The standard Penney's game is played by two players. Player $A$ chooses a sequence of $k>2$ bits and $B$ (seeing $A$'s selection) chooses a different sequence of $k$ bits. A fair coin is flipped repeatedly; whichever player's sequence appears *first* in the (long) sequence of random coin flips is the winner.

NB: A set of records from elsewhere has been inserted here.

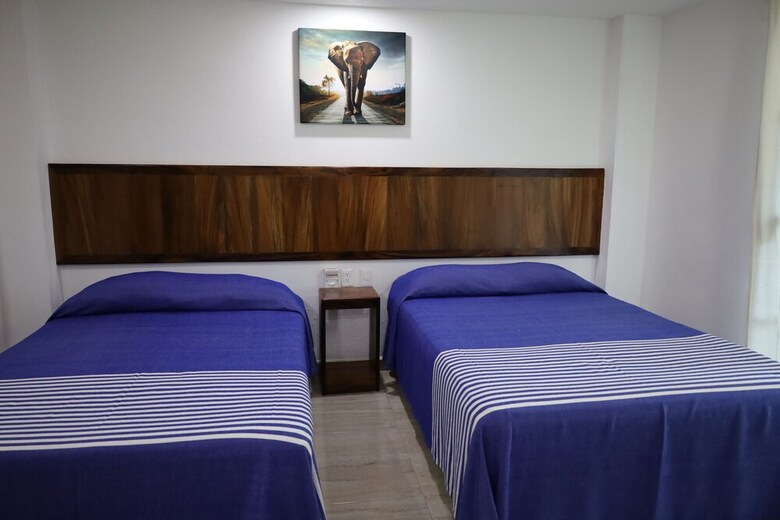 Aparthotel Solez Zihuatanejo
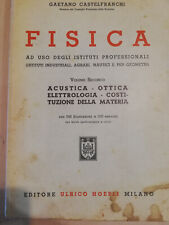 Fisica volume secondo usato  Torri in Sabina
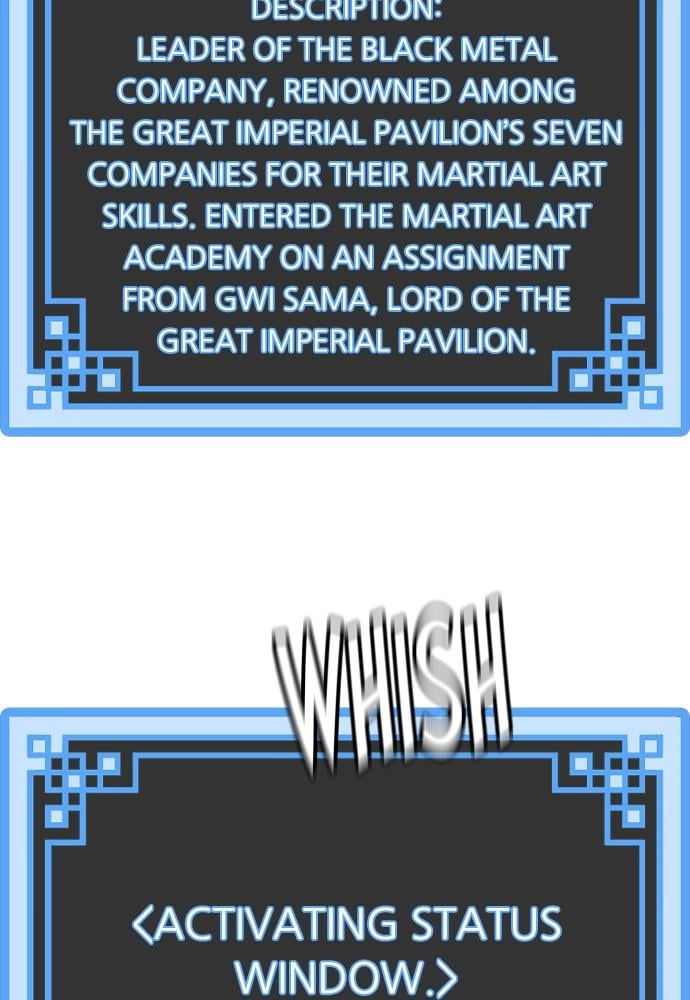 Murim RPG Simulation Chapter 21, page 134 of 278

Paradoxically, no matter what sequence $A$ chooses, $B$ can choose a different sequence that is more likely to appear before $A$'s. For instance, for $k=3$, if $A$ chooses $HHH$, then $B$ should choose $THH$. In $1/8$ games, the $HHH$ will appear as the first three coin tosses and $A$ will win; in *all other games* $B$ will win because before $HHH$ can appear, $B$'s sequence $THH$ *must* appear. If instead $A$ chose $THH$, then $B$ should choose $TTH$, which is more likely to appear first. Here are some simulations illustrating the effect:

- $HHH\underline{TTH}TTTTHHTTT$: B wins
- $H\underline{TTH}TTHTHHTHHTT$: B wins
- $H\underline{TTH}THHHHHHTHTT$: B wins
- $H\underline{TTH}THHTTHTHHHT$: B wins
- $HHHTT\underline{TTH}THHTHTH$: B wins
- $TTTTTT\underline{THH}THHTTH$: A wins
- $\underline{TTH}TTTHTHTHHHTH$: B wins
- $HH\underline{TTH}TTTTTHHTTT$: B wins
- $HHHHHHH\underline{THH}TTHHT$: A wins
- $\underline{TTH}TTTHHHHTHTHT$: B wins
- $\underline{THH}HTHTTTTHTHHT$: A wins
- $TH\underline{THH}TTTHTTHTTH$: A wins

And so on. Thus the available sequences exhibit non-transitive dominance: $\alpha_1 > \alpha_2 > \ldots > \alpha_1$, where the $\alpha_i$ are distinct $k$-bit sequences and "$>$" means "is more likely to appear first in a sequence randomly generated by a fair coin."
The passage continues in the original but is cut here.